By Scott Shepard, Vice President Global Public Sector, Iomob
Mobility as a Service (MaaS) has experienced a deeper level of scrutiny and re-assessment over the past few months. There have been many articles, op eds, webinars, and podcasts devoted to the topic of commercial and business model sustainability for MaaS platforms, public and private. In addition, the use cases that demonstrate long term viability of MaaS have also been deconstructed to better understand how they can best serve consumers and society at large.
Through this deeper level of introspection, many different (and consistent) themes have been discussed and circulated amongst the mobility ecosystem for a better understanding of the current landscape. Those themes include: 1.) business models, 2.) geographic context, 3.) data sharing, 4.) ownership, 5.) user experience, and 6.) openness. While it is out of the scope of this article, an additional consideration that should be considered relates to two of the themes (ownership and openness).
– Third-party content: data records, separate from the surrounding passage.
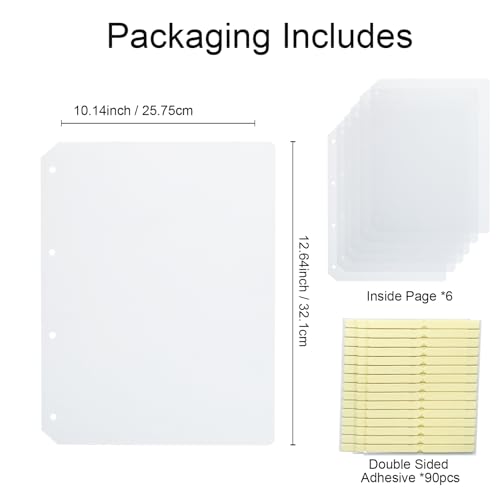 Large Press on Nails Organizer Book Insert Pages 6 Sheets - color: A4-6 Pages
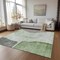 Homeroots 9' X 12' Olive Green And Gray Abstract Washable Indoor Outdoor Area Rug 582018 - alternate 5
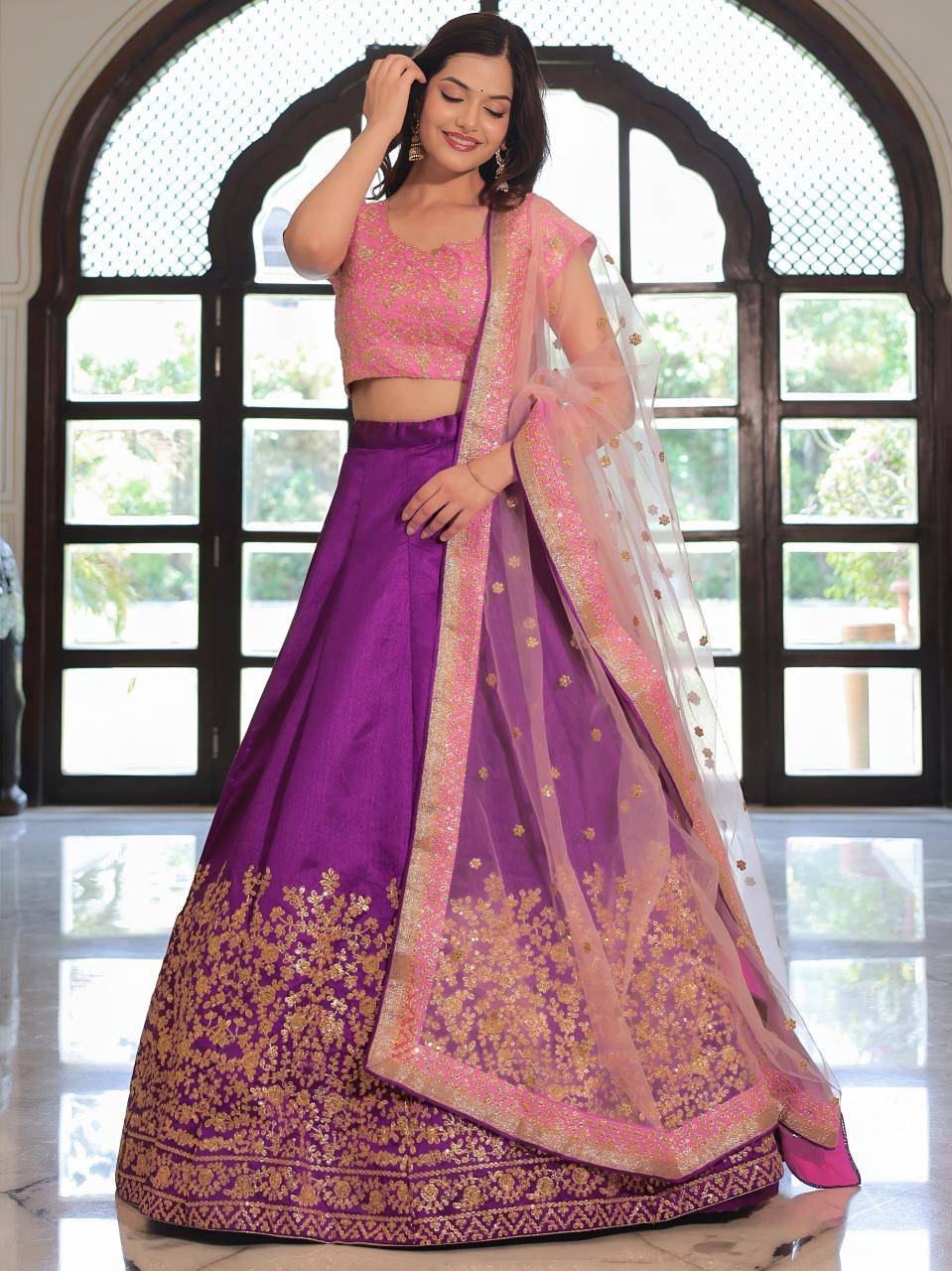 Heritage vol 30 Mulberry Silk Purple Party wear lehenga choli wholesale in Delhi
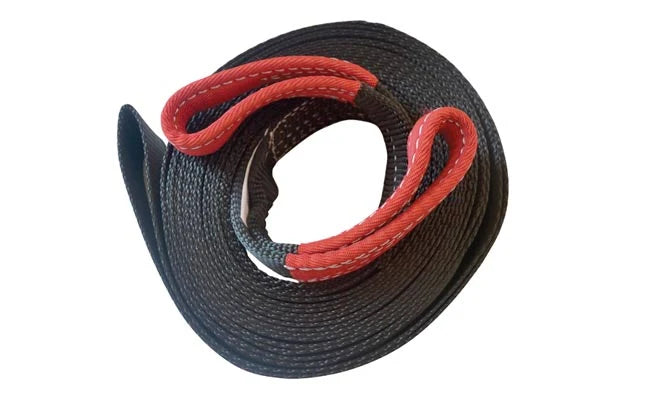 Warrior Winches 4T Nylon Winch Extension Rope, 50mm wide by 10m or 20m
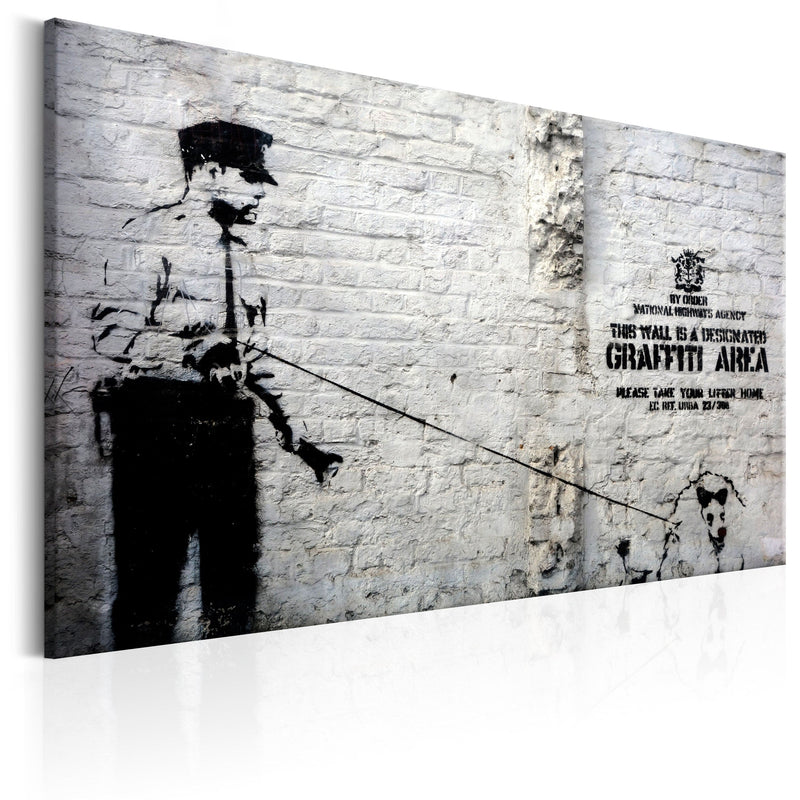 Glezna - Graffiti Area (Police and a Dog) by Banksy Home Trends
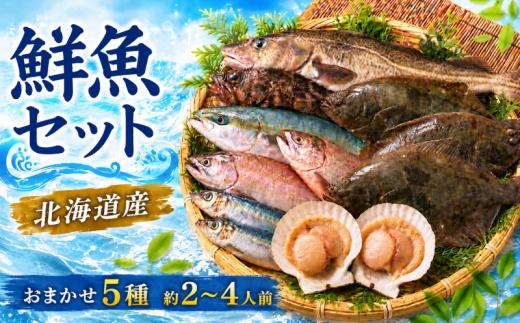 【国産ホタテ付き！】 北海道産 天然 鮮魚 おまかせ 5種 セット 詰め合わせ 約2~4人前 冷凍 下処理 済 切り身 国産 新鮮 鮮魚ボックス 鮮魚セット 煮付け 料理 食べ比べ 海鮮 下処理済み パック 包装 お手軽 手軽 魚 お魚 詰め合わせセット 魚詰め合わせ 冷凍魚 魚介類冷凍 魚介類 魚貝類 タラ ソイ ニシン カレイ サクラマス サケ 鮭 さけ ホタテ ほたて 帆立 北海道 標津町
This multi-dimensional variable is related to Governance.
Why is Governance important for the success of MaaS?
The definition of Governance is: “All of the processes of governing — whether undertaken by the government of a state, by a market, or by a network — over a social system (family, tribe, formal or informal organization, a territory or across territories) and whether through the laws, norms, power or language of an organized society.” Governance can take the forms of public, private, corporate, project, among many other dimensions. It is also interesting to note that these processes, which typically relate to more traditional societal functionals can also apply to complex digital systems that employ the connectivity and integration of data, technology, processes, policies, and regulations, such as MaaS.
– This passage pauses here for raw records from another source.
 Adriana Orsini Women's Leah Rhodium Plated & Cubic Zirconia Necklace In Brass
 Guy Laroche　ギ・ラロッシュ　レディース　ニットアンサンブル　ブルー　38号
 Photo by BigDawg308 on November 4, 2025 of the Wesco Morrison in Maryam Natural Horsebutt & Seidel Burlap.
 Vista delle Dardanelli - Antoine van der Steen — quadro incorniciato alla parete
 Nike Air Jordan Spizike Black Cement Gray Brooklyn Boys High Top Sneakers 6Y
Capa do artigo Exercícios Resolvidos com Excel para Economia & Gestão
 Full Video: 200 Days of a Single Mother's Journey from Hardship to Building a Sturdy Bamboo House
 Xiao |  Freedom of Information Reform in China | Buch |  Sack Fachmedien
So this brings us to the question, why is Governance important for the potential success of MaaS? To better answer that, we need to consider that most previous deployments over the past few years have been focused on single use cases, minimal private mobility supply, and lighter technology development (discovery only, deep linking to external platforms, and / or basic journey planning capabilities). In each of these instances, the technology, functionality, and procurement was relegated to demonstration projects on a more pilot focused level. Therefore, with this in mind, the consideration of a broader societal focus for the long term success of MaaS was constrained.
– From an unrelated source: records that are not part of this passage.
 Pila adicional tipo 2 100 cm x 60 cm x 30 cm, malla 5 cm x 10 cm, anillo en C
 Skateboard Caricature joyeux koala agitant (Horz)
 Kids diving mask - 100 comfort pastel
In looking at how governance structures and how they can enrich and benefit MaaS deployments, we need to consider that MaaS is not simply technology in and of itself. It is an entire ecosystem of layers (data, technology, stakeholders, operators, etc) that interplay with each other to create added business and societal value for urban, suburban, and rural contexts for offering shared mobility across the spectrum.
Specifically, governance is the glue that can enable these higher aspirations of MaaS depending on the individual actors, sponsors, agencies, and organizations involved. Seen through the lens of governance (typically at a regional level), more desired outcomes on a long term scale can be analyzed, assessed, and operationalize with regards to ensuring MaaS is here to stay.
A case study of governance in MaaS
For example, the MaaS in Skåne project currently under development by Iomob will deliver a regional, open multimodal shared mobility platform for municipalities including Malmo, Lund and Helsingborg, and to be launched in April. Iomob’s project aims to develop a scaleable MaaS solution, accomplished by increased accessibility, reduced environmental impact and congestion, through seamlessly connecting buses, trains, taxi, bicycles, scooters, car-sharing and so on, in one platform.
Iomob’s MaaS technology will be integrated via an SDK into the Skanetrafiken’s public transit app allowing Skane to manage their own MaaS platform with our next generation MaaS tech. But not just that, Skanetrafiken has embraced not only an open mobility marketplace (supporting a full range of public and private mobility services) but also an open MaaS marketplace. Iomob’s stack that will include all of Skanetrafiken’s transit fare options, plus our multimodal algorithms, integrated mobility marketplace and either an API, SDK or white label app, will be made available to other private sector MaaS operators and other organizations interested in offering seamless mobility to their customers or employees.
A regional governance and steering committee of political and business stakeholders including representatives from Skanetrafiken, Innovation Skane, Swedish Energy Agency, and Municipalities of Malmo, Lund, and Helsingborg (Skane Region) has been formed to evalute the rules and frameworks around multiple topics. These topics include: data, technology, MSPs, societal / environmental goals, equity / access, and procurement. Why this regional governance model is important is because it is rules-based (similar to the European Union), and serves as a multi-stakeholder policy and decision-making body that sets the terms of governance and structure in place to pilot, test. deploy, and ultimately commercialize such a MaaS platform across the region (and linkages to multiple adjacent regions).
MoD and the need for societal openness
In viewing MaaS (or ultimately MoD — Mobility on Demand and the accomodation of the movement of people and goods) through the lens of regional governance, it can seen that these rules-based structures can enable platforms that truly embrace openness for consumers and society at large. A regional governance model and framework also facilitates the opportunity to build open mobility marketplaces that are 1.) more competitive, 2.) prevent public and private monopolies, and 3.) move away from single instance white label walled garden deployments.
The promise for MaaS and MoD is around societal openness, and regional governance models (typically comprised of a balanced mix of public and private representatives) provide the structure such that services and solutions can be flexibly deployed and distributed across mobility marketplaces for public and private actors to offer more enriched consumer-facing experiences and democratizing the shared mobility landscape in urban, suburban, and rural settings.